TASK DIRECTIONS
The answer must consist of each line of the records below that contains the string "Ropa".

SUPPLIED RECORDS
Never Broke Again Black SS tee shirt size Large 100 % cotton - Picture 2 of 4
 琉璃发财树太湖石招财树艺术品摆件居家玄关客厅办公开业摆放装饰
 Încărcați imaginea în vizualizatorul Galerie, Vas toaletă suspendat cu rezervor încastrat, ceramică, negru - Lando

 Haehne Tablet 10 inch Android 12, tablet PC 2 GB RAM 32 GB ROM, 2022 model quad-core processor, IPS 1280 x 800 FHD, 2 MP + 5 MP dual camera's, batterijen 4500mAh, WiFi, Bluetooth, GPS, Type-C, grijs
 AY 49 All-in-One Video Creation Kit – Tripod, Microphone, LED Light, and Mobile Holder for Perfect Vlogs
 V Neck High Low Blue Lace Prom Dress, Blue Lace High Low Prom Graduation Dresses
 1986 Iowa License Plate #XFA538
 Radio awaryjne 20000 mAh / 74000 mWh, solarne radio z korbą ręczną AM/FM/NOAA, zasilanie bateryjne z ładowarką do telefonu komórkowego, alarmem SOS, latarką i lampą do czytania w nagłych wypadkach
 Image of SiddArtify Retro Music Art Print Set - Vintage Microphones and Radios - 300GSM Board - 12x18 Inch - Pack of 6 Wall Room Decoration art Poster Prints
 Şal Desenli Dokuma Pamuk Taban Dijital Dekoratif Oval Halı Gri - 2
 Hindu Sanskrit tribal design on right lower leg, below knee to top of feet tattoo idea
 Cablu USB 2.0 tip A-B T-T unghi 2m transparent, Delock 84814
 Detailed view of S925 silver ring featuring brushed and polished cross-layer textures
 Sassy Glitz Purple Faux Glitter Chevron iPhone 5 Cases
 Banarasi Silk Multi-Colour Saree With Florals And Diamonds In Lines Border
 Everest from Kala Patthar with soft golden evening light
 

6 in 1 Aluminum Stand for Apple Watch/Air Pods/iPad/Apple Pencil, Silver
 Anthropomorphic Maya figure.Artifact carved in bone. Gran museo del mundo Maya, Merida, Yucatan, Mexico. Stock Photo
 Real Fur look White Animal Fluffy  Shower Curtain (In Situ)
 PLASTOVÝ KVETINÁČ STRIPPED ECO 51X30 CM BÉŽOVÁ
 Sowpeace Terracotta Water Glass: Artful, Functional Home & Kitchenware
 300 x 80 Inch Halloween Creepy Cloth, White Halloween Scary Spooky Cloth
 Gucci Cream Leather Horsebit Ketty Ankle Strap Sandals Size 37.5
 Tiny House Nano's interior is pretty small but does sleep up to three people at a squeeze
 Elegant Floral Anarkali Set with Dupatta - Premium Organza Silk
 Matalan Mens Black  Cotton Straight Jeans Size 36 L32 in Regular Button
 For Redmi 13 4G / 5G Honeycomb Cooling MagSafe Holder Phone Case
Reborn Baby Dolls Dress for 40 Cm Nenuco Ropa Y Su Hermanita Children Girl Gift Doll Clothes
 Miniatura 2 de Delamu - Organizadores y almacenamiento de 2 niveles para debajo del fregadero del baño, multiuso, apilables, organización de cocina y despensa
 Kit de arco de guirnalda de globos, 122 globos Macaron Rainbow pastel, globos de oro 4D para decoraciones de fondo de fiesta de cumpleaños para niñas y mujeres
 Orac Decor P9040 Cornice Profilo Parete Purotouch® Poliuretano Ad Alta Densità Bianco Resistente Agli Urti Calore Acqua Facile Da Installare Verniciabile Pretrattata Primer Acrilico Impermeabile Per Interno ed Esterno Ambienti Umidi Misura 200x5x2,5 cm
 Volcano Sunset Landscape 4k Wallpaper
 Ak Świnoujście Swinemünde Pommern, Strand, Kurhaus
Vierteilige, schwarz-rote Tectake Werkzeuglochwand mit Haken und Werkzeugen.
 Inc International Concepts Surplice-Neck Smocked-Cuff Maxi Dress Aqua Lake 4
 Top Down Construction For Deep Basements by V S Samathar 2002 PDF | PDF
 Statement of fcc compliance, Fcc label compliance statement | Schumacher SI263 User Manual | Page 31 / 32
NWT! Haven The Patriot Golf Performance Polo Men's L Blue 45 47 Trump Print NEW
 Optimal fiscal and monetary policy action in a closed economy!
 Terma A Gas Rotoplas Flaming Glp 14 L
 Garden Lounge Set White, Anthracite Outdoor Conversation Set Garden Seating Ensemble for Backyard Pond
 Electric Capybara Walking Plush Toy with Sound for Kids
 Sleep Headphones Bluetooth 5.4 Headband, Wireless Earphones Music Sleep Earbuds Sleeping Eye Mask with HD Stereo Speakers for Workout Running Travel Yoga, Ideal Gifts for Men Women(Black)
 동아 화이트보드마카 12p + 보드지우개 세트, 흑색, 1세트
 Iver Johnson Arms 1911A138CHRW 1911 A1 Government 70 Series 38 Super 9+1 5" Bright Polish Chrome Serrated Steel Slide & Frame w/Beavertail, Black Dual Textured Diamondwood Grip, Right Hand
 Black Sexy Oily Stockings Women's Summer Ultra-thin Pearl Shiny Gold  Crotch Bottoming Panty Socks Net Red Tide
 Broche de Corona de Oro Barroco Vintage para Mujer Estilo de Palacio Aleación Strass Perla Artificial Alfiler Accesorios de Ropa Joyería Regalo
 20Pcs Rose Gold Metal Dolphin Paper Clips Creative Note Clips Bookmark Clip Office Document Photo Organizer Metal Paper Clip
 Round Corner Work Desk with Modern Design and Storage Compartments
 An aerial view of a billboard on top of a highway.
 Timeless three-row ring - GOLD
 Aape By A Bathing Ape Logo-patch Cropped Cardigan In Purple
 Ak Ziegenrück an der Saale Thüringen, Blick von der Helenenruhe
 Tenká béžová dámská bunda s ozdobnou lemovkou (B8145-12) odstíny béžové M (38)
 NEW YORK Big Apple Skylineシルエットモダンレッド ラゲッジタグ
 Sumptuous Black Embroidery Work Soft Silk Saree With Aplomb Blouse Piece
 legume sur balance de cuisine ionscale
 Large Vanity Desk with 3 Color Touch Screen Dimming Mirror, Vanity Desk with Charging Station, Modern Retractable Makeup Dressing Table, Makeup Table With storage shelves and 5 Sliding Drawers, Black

RESPONSE BOX
Reborn Baby Dolls Dress for 40 Cm Nenuco Ropa Y Su Hermanita Children Girl Gift Doll Clothes
 Broche de Corona de Oro Barroco Vintage para Mujer Estilo de Palacio Aleación Strass Perla Artificial Alfiler Accesorios de Ropa Joyería Regalo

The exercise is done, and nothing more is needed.